Letter carrier Sal Winters retrieves a bag of food donations from the front porch of a home in South Bend as part of the Stamp Out Hunger Food Drive in a recent year. ROBERT FRANKLIN, SOUTH BEND TRIBUNE
Letter carrier Sal Winters retrieves a bag of food donations from the front porch of a home in South Bend as part of the Stamp Out Hunger Food Drive in a recent year. ROBERT FRANKLIN, SOUTH BEND TRIBUNE

Letter carriers are asking you to set out some food at your mailbox on May 11 — not for them, but to help restock local food pantries that are trying to recoup from an annual slowdown in donations.

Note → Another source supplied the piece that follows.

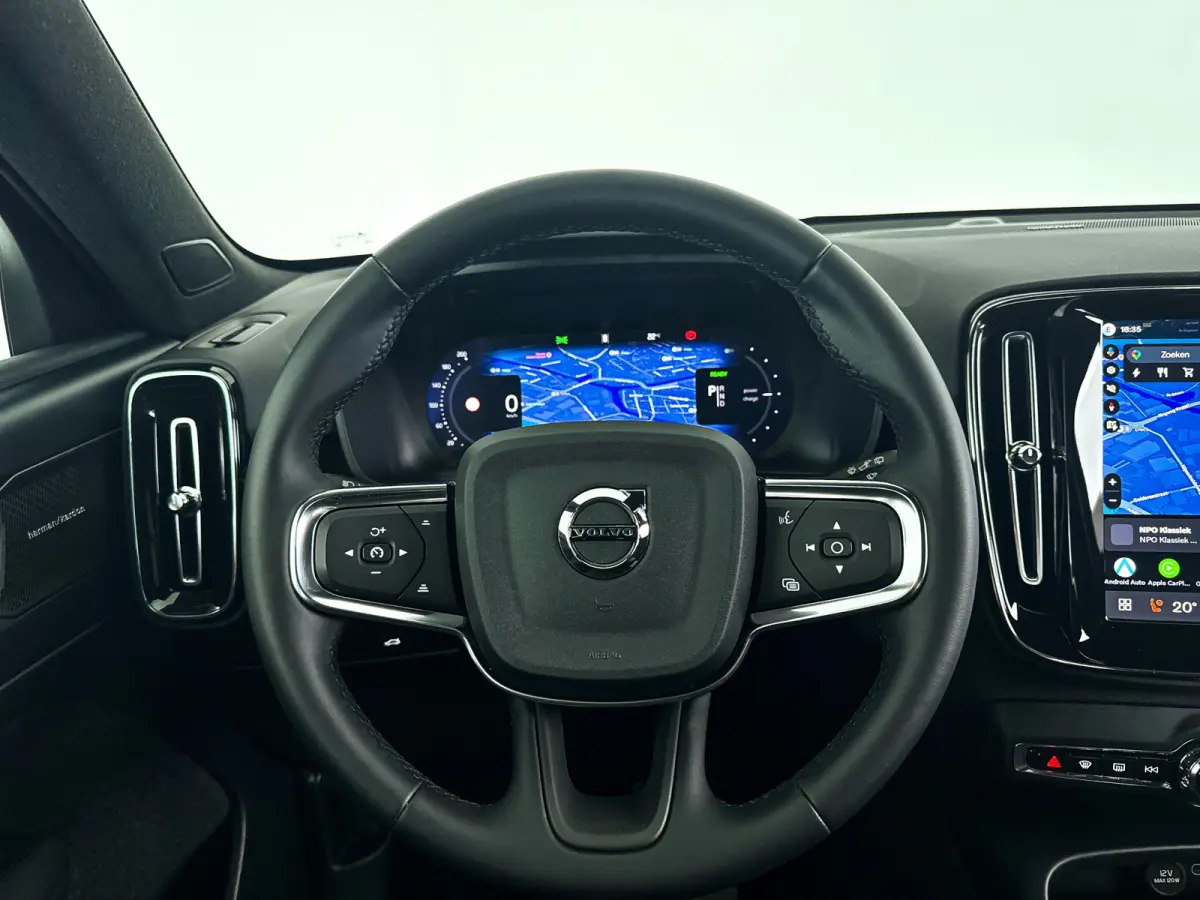 Single Motor Extended Range Plus 82 kWh | Parkeercamera | Harman Kardon | Stoel- en stuurverwarming | Trekhaak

It’s the nation’s and the local area’s largest single food drive of the year.

The National Association of Letter Carriers union leads the Stamp Out Hunger Food Drive in some 10,000 communities nationwide each year. In St. Joseph County, the food will go to the nonprofit Food Bank of Northern Indiana.

All you have to do is set nonperishable food items next to your mailbox by 8 a.m. Put them in a sturdy bag, or if it looks like it will rain, secure them in a plastic bag. Don’t include any glass containers. If possible, items with pop-top lids are preferred.

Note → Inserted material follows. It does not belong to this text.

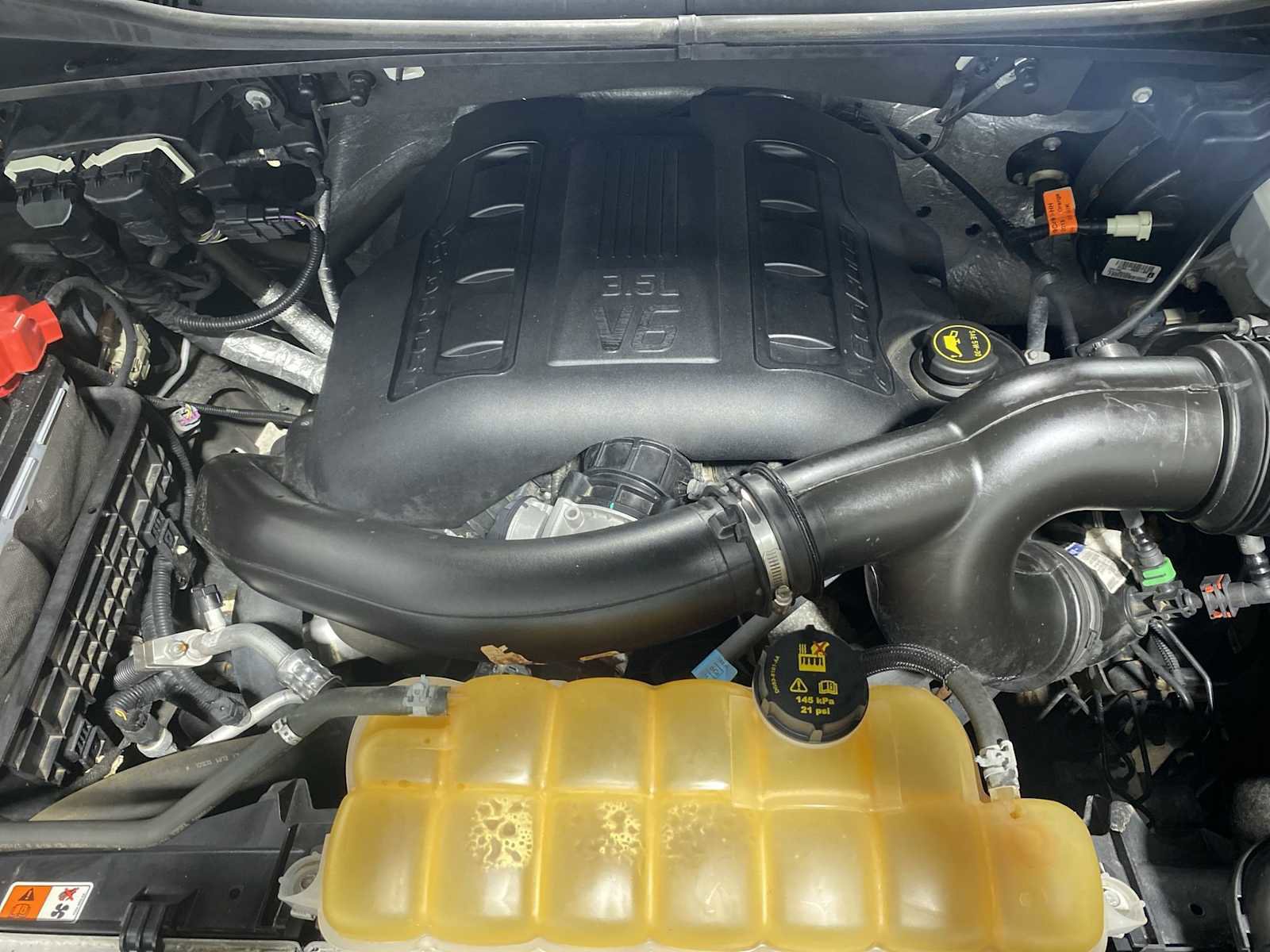 Used 2015 Ford F150 Platinum w/ Equipment Group 701A Luxury image 9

If you won’t be home on May 11, you can also drop off food donations at any postal branch retail counter before May 11. Or you can drop them off in the orange collection barrels at Martin’s Super Market locations in South Bend, Mishawaka and Granger throughout the week of May 6.

The Food Bank’s goal is to gather 100,000 pounds of food. In 2023, it reports that it collected 54,651, compared with 80,338 pounds in 2022 and 106,498 pounds in 2021.

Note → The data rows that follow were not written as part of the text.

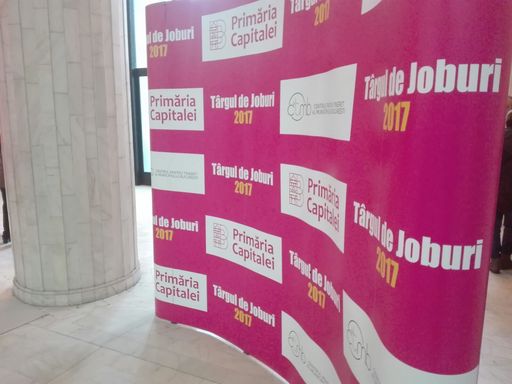 REPORTAJ: Cu bacul luat la a treia încercare, cu facultate sau la al patrulea loc de muncă în ultimele două luni, studenţi sau oameni în vârstă au venit la Târgul de Joburi organizat de PMB. FOTO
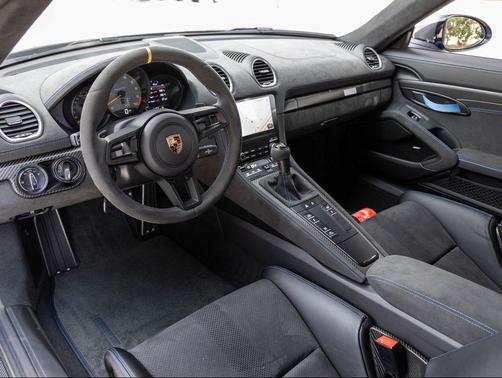 2025 Porsche 718 Spyder RS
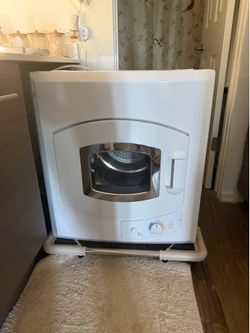 Portable Electric Clothes Dryer – Excellent Condition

Here are the most needed items at the Food Bank: canned soup, boxed dinner meals, dried beans and lentils, peanut butter, jelly, breakfast cereal, macaroni and cheese, boxed noodles, canned fruit, canned vegetables (low sodium is preferred), canned chicken/tuna/Spam, rice, boxed mashed potatoes, flour, cooking oil, toiletries, personal care items and cleaning supplies.

Beyond St. Joseph County, residents typically know that their letter carriers are participating in the drive if they’ve received a post card about it in the mail.